Police commandos storm hijacked bus in Berlin
German police commandos stormed a hijacked double-decker bus in Berlin today, ending a four-and-a-half hour hostage drama.
The armed man who commandeered the vehicle after a bank robbery was injured. Two hostages, including a policewoman, were freed unharmed.
All the other passengers on the bus had either escaped or been freed before it stopped and was ringed by police sharpshooters in a tense stand-off.
The hostage-taker had robbed the bank with another man earlier today, and it was not clear at what point he had slipped away.
The hostage-taker was shot, apparently in the shoulder, as the bus was stormed, police spokesman Christian Matzdorf said. No police where hurt.
More than 20 passengers were on board when the bus was hijacked outside the bank at about 8.40am Irish time.
After about an hour on the road the yellow double-decker, apparently cornered by unmarked police cars, came to a stop in the Schoeneberg district.
Police sealed off the area as sharpshooters took up position along a wall about 20 yards away, while police commandos in helmets and bullet-proof vests surrounded the bus, some occasionally peering in the windows.
They negotiated for several hours with the armed man in a bid to free his captives: a passenger and a policewoman who followed him onto the bus after the hold-up.

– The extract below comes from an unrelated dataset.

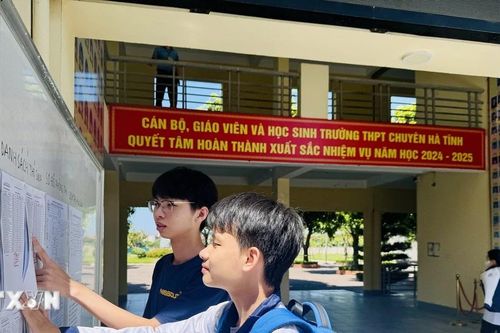 Hà Tĩnh: Bố trí lực lượng đưa các thí sinh dân tộc Chứt đến điểm thi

Police would not say whether the hijacker had made any demands.
Gunfire heard on the bus earlier could have come from the hijacker or the captive policewoman, Matzdorf said.
The bus was commandeered after two men held up a Commerzbank branch in a busy shopping street in the southern district of Steglitz.
Witnesses said two masked men entered the bank, one with a pistol, and shouted “Money, money.”
They made off with some cash and then hijacked the bus at a stop outside the bank. The men appeared to be between 25 and 30 years old, said bank customer Sabine Gause.